量子コンピュータ開発に挑む若手研究者たち~数学的な解を探す回路設計に魅了されて

希釈冷凍機の白い容器の中には、金色に輝く複雑な装置。超伝導量子ビット64個が配置されたチップの底部からマイクロ波の配線が無数に延び、さまざまな部品と結合しています。2023年3月にクラウド公開した量子コンピュータの本体です。実機の組み立て、デバイスの開発、回路設計など、それぞれの側面から携わった、量子コンピュータ研究センター(RQC)の研究者を取材しました。

64量子ビット集積回路チップの写真 図 64量子ビット集積回路チップ
  • (左)量子計算を行う64量子ビット2次元集積回路チップ。4量子ビットからなる基本ユニットを16個並べた設計で、超伝導体である窒化チタン膜により金色に輝く。
  • (右)4つの量子ビットからなる基本ユニットの模式図。正方形四隅に量子ビットが並び、中央に読み出し回路を配置している。

パズル的な面白さが原動力

量子コンピュータとの関わりは一直線とは言えません。2007年、京都大学 工学部の北野 正雄 教授(当時)の研究室に学部4年生のときに入り、量子光学の実験研究で学位を取りました。ですが、北野研に入った当時は量子光学の研究に特別興味を持っていたわけではありませんでした。学部時代に北野 先生の著書『電子回路の基礎』を読んで、数学的に厳密に回路素子の動作をモデル化し、その上でデバイス設計をするというスタイルに興味を引かれていました。手を動かすことが好きだったので工学部に入りましたが、数学も大好きでした。一言で言えば、「パズル的な面白さ」が好きで、それが私の研究開発の原点になっています。

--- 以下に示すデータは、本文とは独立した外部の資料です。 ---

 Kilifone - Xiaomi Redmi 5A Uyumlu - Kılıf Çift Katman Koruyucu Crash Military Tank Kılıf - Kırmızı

大学院では2年上の物理工学科の藤井 啓祐さん(現 RQC 量子計算理論研究チーム チームリーダー)たちと議論を重ね、理論的な部分を鍛えられました。当時、藤井さんは日本で唯一と言っていいほど、誤り訂正に打ち込んでいた方で、量子コンピュータ開発に興味をもったのは、量子誤り訂正符号のパズル的な面白さに引かれた部分が大きいです。

学位取得後の2013年からポスドクとして理研の山本 喜久 グループディレクター(創発物性科学研究センター 量子光学研究グループ、当時)のところで、光量子コンピュータの実験を行い、その後、東京大学の中村 泰信 教授(現 RQC センター長)の研究室に特任助教として移って、超伝導量子コンピュータの研究開発に携わるようになりました。以後ずっと回路設計担当で、北野 先生の著書に惹かれた興味の原点に回帰できました。そして約2年前にまた理研に戻ってきたのです。

フィルター回路で高速に読み出す

今回の64量子ビットでは、とにかく多くの配線を限られた空間内にどう収めるかを考え、さらに新しい素子の設計開発も行いました。それが、計算結果の読み出し効率を上げるためのフィルター回路の設計です。量子ビットに当てたマイクロ波の反射波から計算結果が0か1かを高速に測定する必要がありますが、マイクロ波をあまり強く結合させると量子ビットの状態が壊れることがあります。量子ビットの状態を保ちつつ、測定操作を高速化させるためには、読み出し用のマイクロ波をきちんと通し、しかも量子ビットからの輻射は逃さないようなフィルターを間に設置する必要があります。64ビットでの設計業務は、始めはほとんど一人でやっていましたが、途中でこういった回路設計に長けている助っ人が現れました。オックスフォード大学からきたポスドクのピーター・スプリングさんで、最終的なものは一緒に設計しました。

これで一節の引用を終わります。